Galaxy |

pyFastqDuplicateRemover

pyFastqDuplicateRemover is part of the pyCRAC package. Removes identical sequences from fastq and fasta files and returns a fasta file with collapsed data.

Can also process paired-end data.

Examples

Unprocessed fastq data with six random nucleotides at 5' end of the read:

@FCC102EACXX:3:1101:3231:2110#TGACCAAT/1
GCGCCTGCCAATTCCATCGTAATGATTAATAGGGACGGTCGGGGGCATC
+
bb_ceeeegggggiiiiiifghiihiihiiiiiiiiiifggfhiecccc

After pyBarcodeFilter:

@FCC102EACXX:3:1101:3231:2110#TGACCAAT/1##GCGCCT
TCCATCGTAATGATTAATAGGGACGGTCGGGGGCATC
+
giiiiiifghiihiihiiiiiiiiiifggfhiecccc

This entry is printed to the NNNNNNGCCAAT barcode file.

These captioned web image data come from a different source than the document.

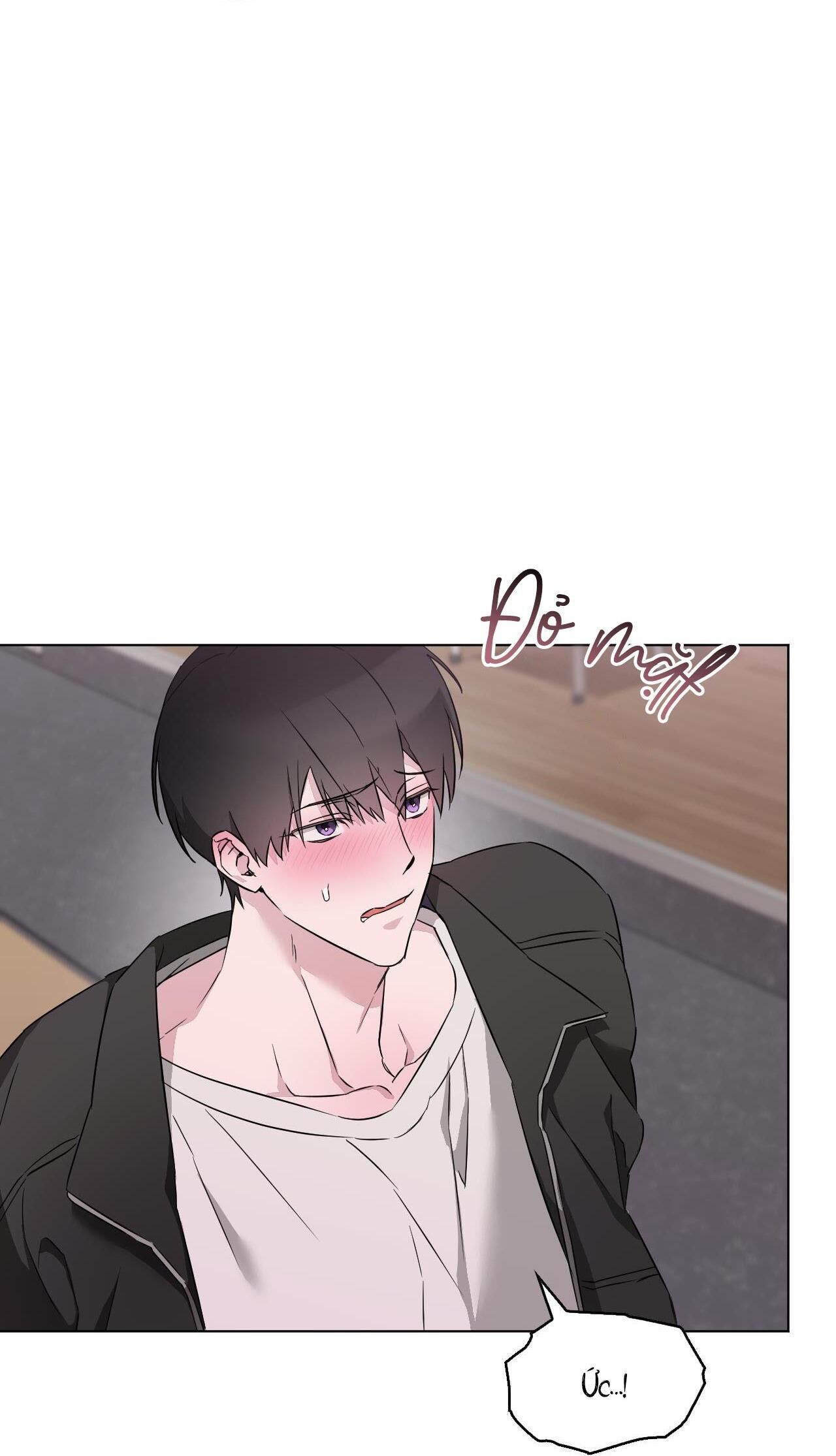 (Cbunu) Dễ Thương Là Lỗi Của Tôi Sao? Chapter 34 H+ - Trang 1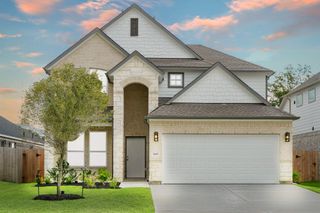 1967 Scarlet Yaupon Way, Conroe, TX 77301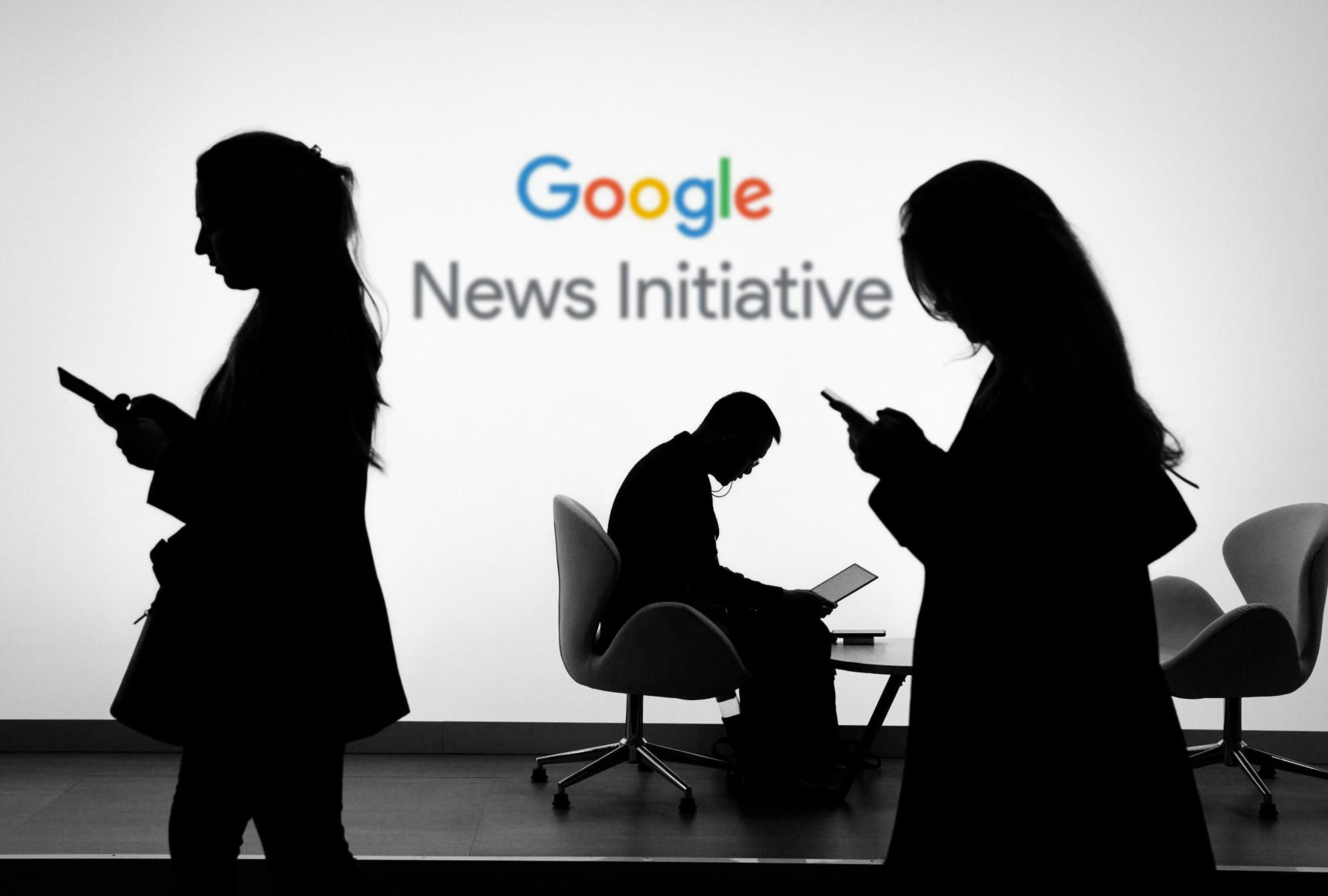 Google News Interactive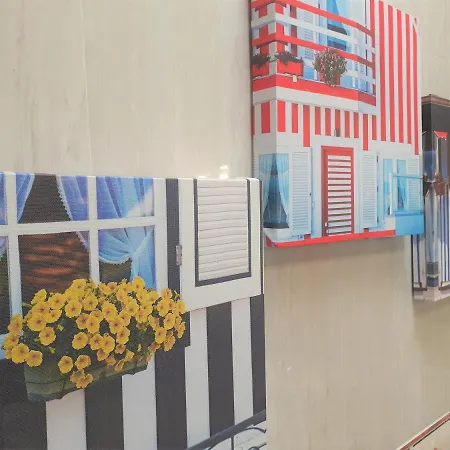 Quarto em Acomodações Particulares - It's There - 2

After pyFastqDuplicateRemover:

>1_GCGCCT_5/1
TCCATCGTAATGATTAATAGGGACGGTCGGGGGCATC

The '1' indicates that this is the first unique cDNA in the data
GCGCCT is the random barcode sequence
the '5' indicates that 5 reads were found with identical read and random barcode sequences
the '/1' indicates that the seqeuence originates from the forward sequencing reaction

Parameter list

Options:

-f FILE, --input_file=FILE
                                      name of the FASTQ or FASTA input file

-r FILE, --reverse_input_file=FILE
                                      name of the paired (or reverse) FASTQ or FASTA input file

-o FILE, --output_file=FILE
                                      Provide the path and name of the fastq or fasta output file. Default is standard output.
                                      For paired-end data just provide a file name without file extension (!)